# Databricks Reverse ETL Setup

Set up Databricks as your Reverse ETL source.

At a high level, when you set up Databricks for Reverse ETL, the configured service-principal needs read permissions for any resources (databases, schemas, tables) the query needs to access. Segment keeps track of changes to your query results with a managed schema (`__SEGMENT_REVERSE_ETL`), which requires the configured service-principal to allow write permissions for that schema. Segment supports only OAuth (M2M) authentication.

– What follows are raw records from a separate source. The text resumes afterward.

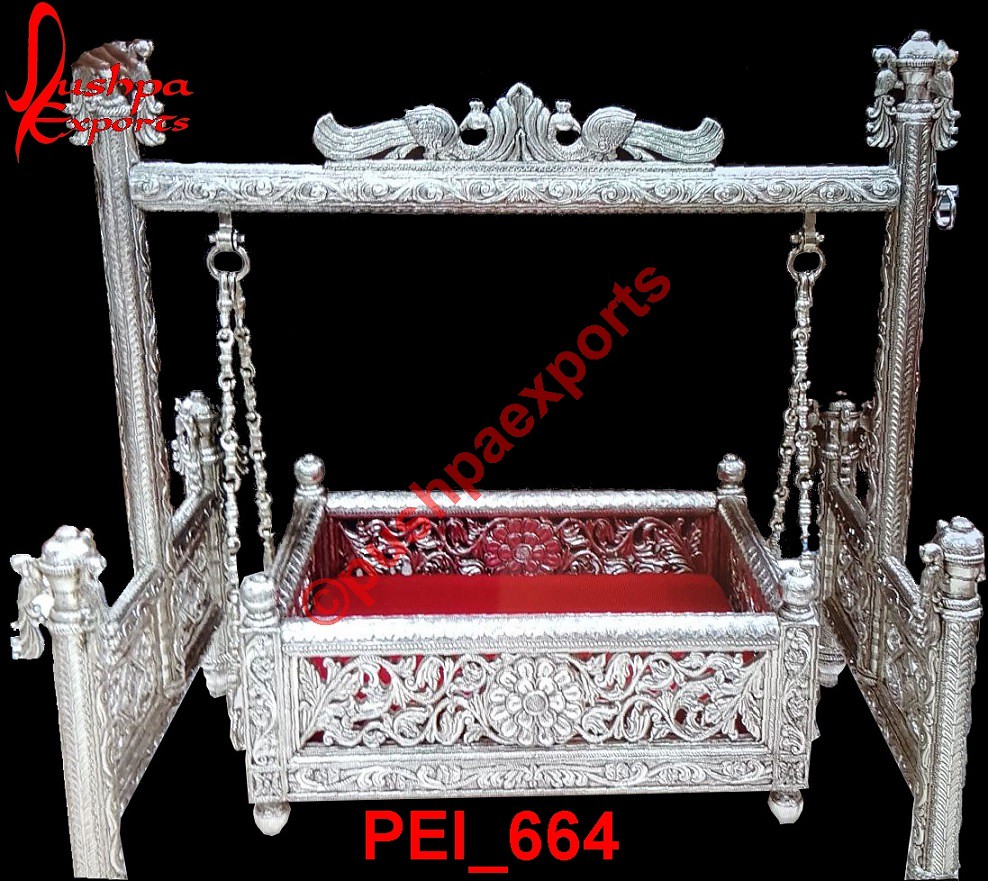 baby cradle, silver baby cradle, silver baby cradle orname… Flickr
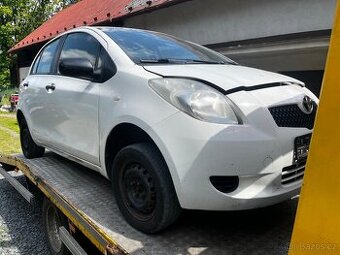 NÁHRADNÍ DÍLY - Toyota Yaris II.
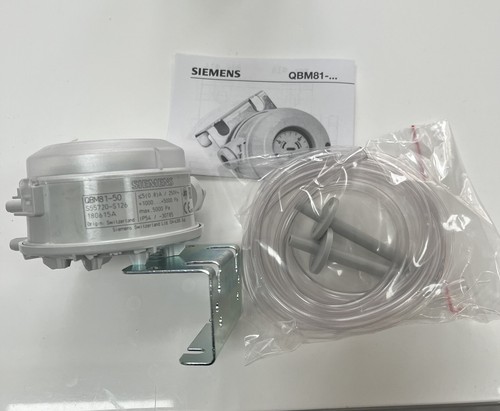 Siemens qbm81 pressostat - siemens, qbm81-50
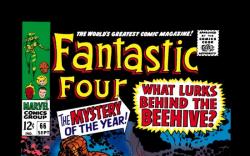 FANTASTIC FOUR #66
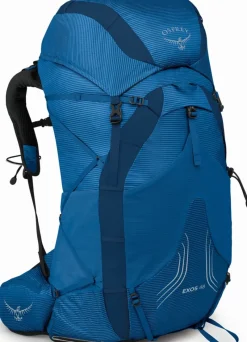 Osprey Fast & Light Rucksacks And Vests-Exos 48 Rucksack - Blue Ribbon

To generate a client ID and Secret, follow the steps listed in Databricks' [OAuth machine-to-machine (M2M) authentication](https://docs.databricks.com/en/dev-tools/auth/oauth-m2m.html) documentation.

> \[!NOTE]
>
> If you have an existing dbt account with a Git repository, you can use [Segment's dbt extension](/docs/segment/segment-app/extensions/dbt/) to centralize model management and versioning, reduce redundancies, and run CI checks to prevent breaking changes.

## Required permissions

* Make sure the service principal you use to connect to Segment has permissions to use that warehouse. In the Databricks console go to **SQL warehouses** and select the warehouse you're using. Navigate to **Overview > Permissions** and make sure the service principal you use to connect to Segment has *can use* permissions.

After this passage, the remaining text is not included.